LA HABANA. – El fin abrupto del suministro de petróleo, el desplome del PIB y los cortes eléctricos de hasta 40 horas seguidas han sumergido a Cuba en una crisis que reaviva el traumático recuerdo del «periodo especial» de 1991.
Sin embargo, analistas advierten que, a diferencia de la crisis que siguió a la caída de la URSS, el escenario actual se caracteriza por un debilitamiento estructural irreversible, una pérdida de legitimidad política y un éxodo migratorio que supera los 1.5 millones de personas desde 2021.
Historiadores y politólogos señalan que, mientras en los años 90 los servicios de salud y educación se mantuvieron como estandartes de la Revolución, hoy estos sectores se encuentran profundamente deteriorados. La famosa «libreta» de racionamiento es ahora casi inexistente y la desigualdad se ha agudizado con la aparición del sector privado y el acceso a remesas.

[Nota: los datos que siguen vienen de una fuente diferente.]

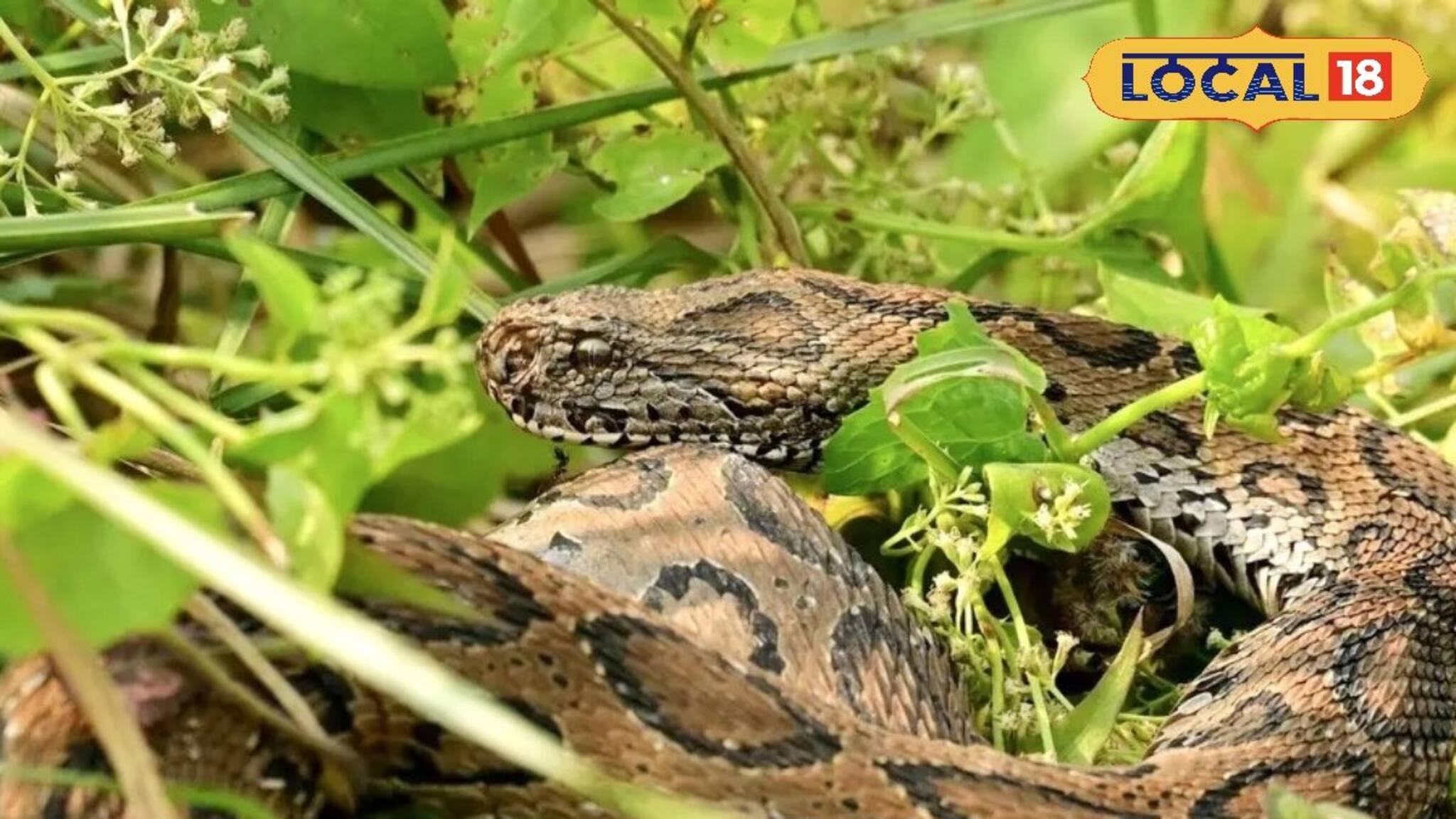 রাসেল ভাইপারের আতঙ্কে ছুটল ঘুম, ভয়ে কাঁপছে নদী তীরবর্তী এলাকার গ্রামবাসীরা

Según el historiador Fabio Hernández, la crisis de hoy no es solo económica, sino de adhesión al proyecto revolucionario, agravada por la falta del liderazgo carismático de Fidel Castro.
Un factor determinante en esta nueva realidad es el acceso masivo a internet móvil desde 2018, lo que ha roto el monopolio informativo del Estado y facilitado la movilización social, como se vio en las protestas de julio de 2021.
Con una ciudadanía mejor informada y un desabastecimiento energético crítico tras el cese del apoyo de Venezuela, la isla enfrenta un abismo donde la narrativa de «resistencia patriótica» parece agotada frente a la urgencia de reformas profundas.